Autoscaling ensures that you have the sufficient AWS EC2 instances available to handle the load and it also ensures that you don't have more instances allocated than you require.

The load on a server fluctuates over time. Autoscaling allows you to allocate more EC2 resources when you need them and retire them when you no longer need them. You can either manually define peak and low-peak times or you can define rules based on CloudWatch alarm that automatically allocate and retire resources as needed.

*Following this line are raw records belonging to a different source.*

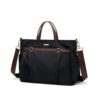 Qualité GOLF Sac Main Femelle Grande Capacité Sac Ordinateur Portable 15 Pouces 2 IN 1 Sac Fourre-Tout Sacoche Universit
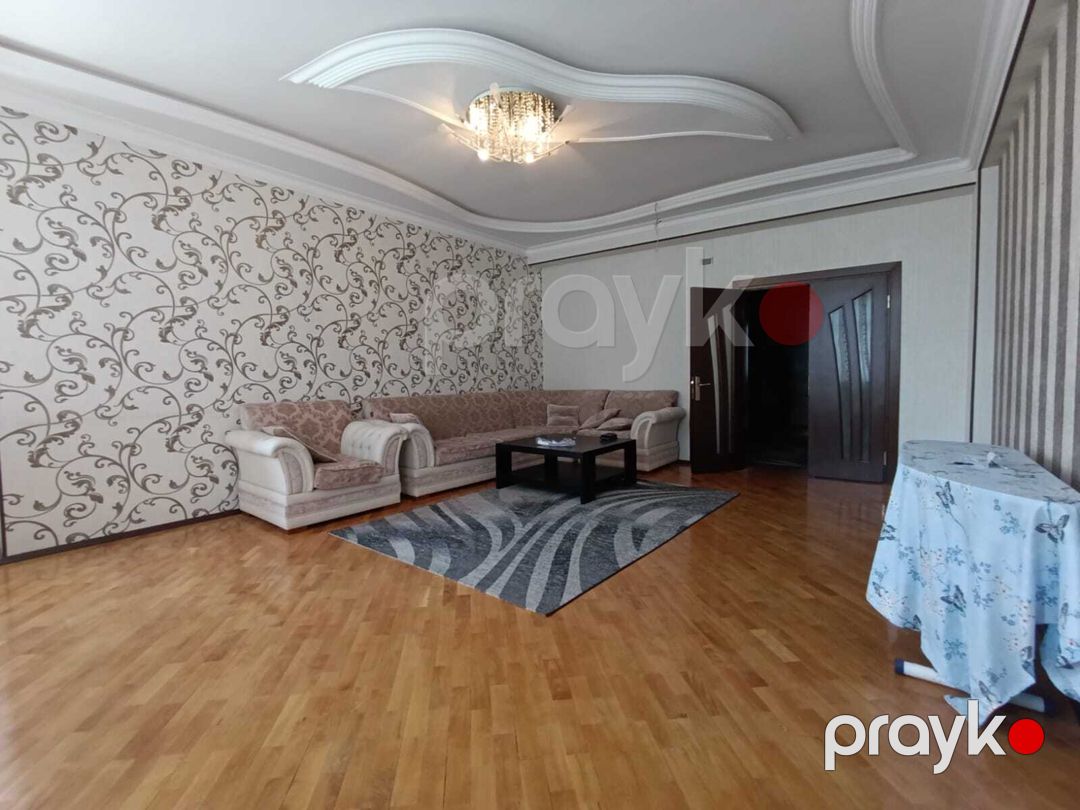 İcarəyə verilir 3 otaqlı yeni tikili 140 m² — Mənzil, Bakı (7)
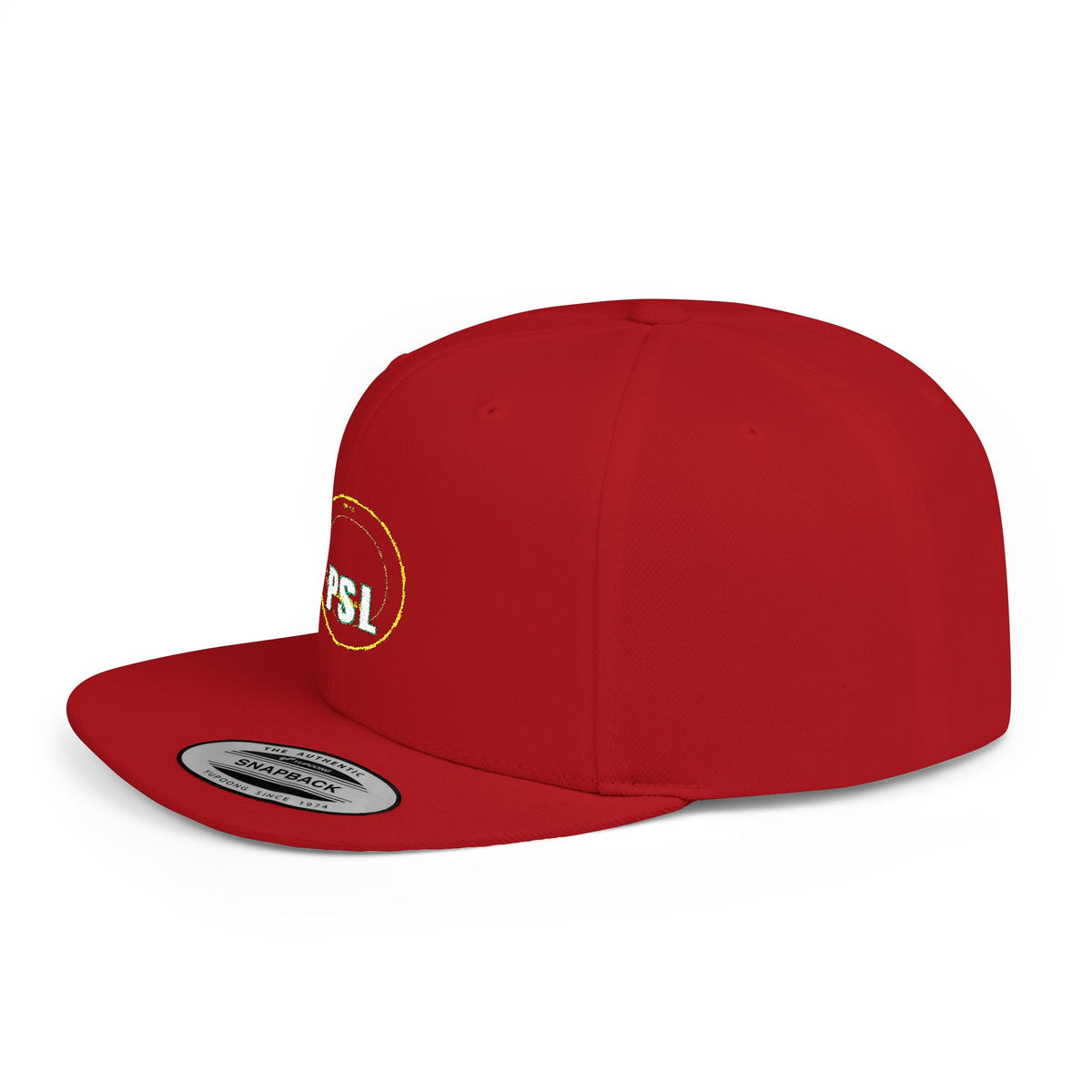 Poker Scoops Live Cap — Champion Ring (Red)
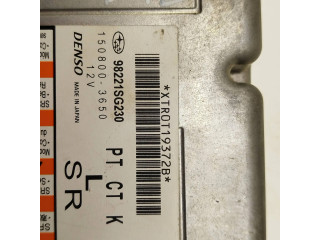 Блок подушек безопасности 98221SG230, X7R0T19372B   Subaru Forester SJ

When you add more CPU or RAM to your virtual machines, it is called scaling up. When you reduce CPU or RAM, it is called scaling down Collectively, this is called vertical scaling. When you add more nodes or components, it is called scaling out. When you reduce nodes, it is called scaling in. Collectively, this is called horizontal scaling.

To setup scaling, you need to answer what, where, and when:

  1. Define launch configuration (What?). What will be launched by autoscaling; AMI, instance types, security group, roles?
  2. Define autoscaling group (Where?). Where will you deploy; VPC, subnet, load balancer, minimum instances required, maximum instances allowed, desired capacity?
  3. Define autoscaling policy (When?). When to launch autoscaling. It could be scheduled or on-demand.

For dynamic autoscaling, you need to create CloudWatch alarm which will trigger autoscaling.

To setup autoscaling:

  1. Login to console
  2. Click on Create Autoscaling group under Autoscaling
  3. Choose AMI
  4. Create launch configuration
  5. Create autoscaling group
  6. Create autoscaling policy